● DATASET ENTRIES
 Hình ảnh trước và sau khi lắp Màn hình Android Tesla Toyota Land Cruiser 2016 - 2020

==

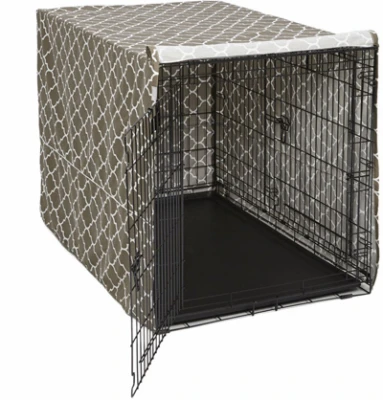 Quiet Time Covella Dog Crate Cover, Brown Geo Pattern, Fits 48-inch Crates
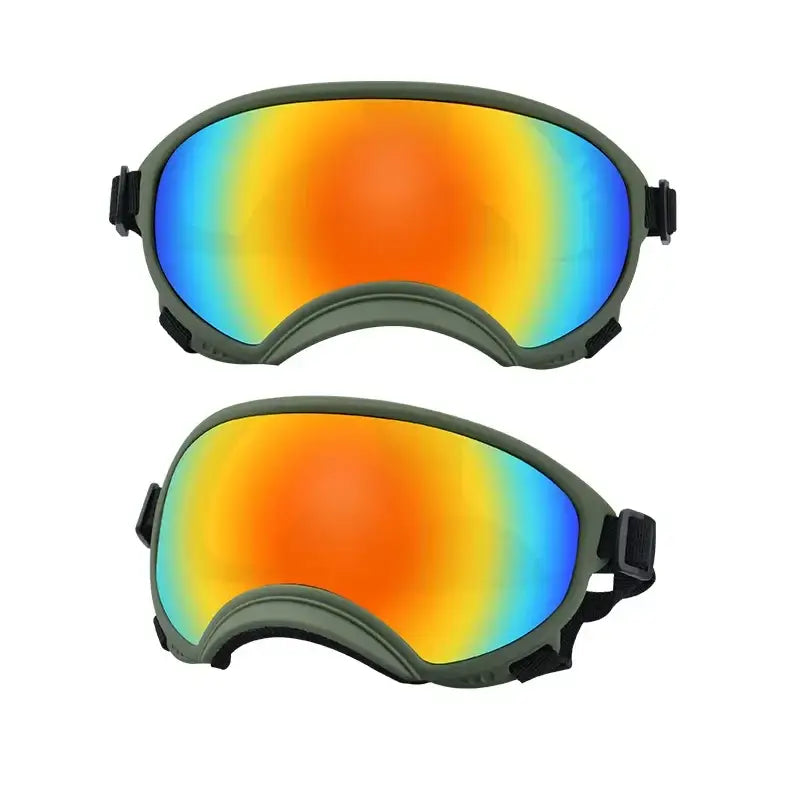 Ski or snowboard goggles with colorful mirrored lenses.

--

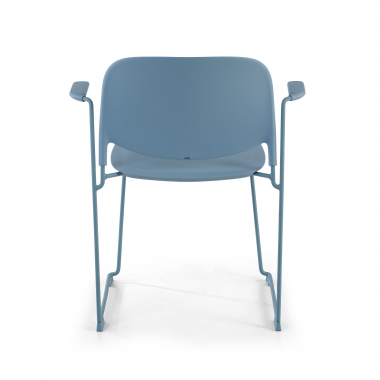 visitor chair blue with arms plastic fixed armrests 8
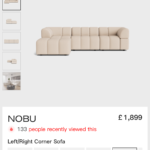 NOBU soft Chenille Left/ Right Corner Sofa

● EXERCISE GOAL
Within the entries above, the lines from the one containing "Quiet Time Covella" through the one containing "Ski or snowboard" are to be transcribed exactly, ends included, pictures excluded.

● TASK OUTPUT
 Quiet Time Covella Dog Crate Cover, Brown Geo Pattern, Fits 48-inch Crates
 Ski or snowboard goggles with colorful mirrored lenses.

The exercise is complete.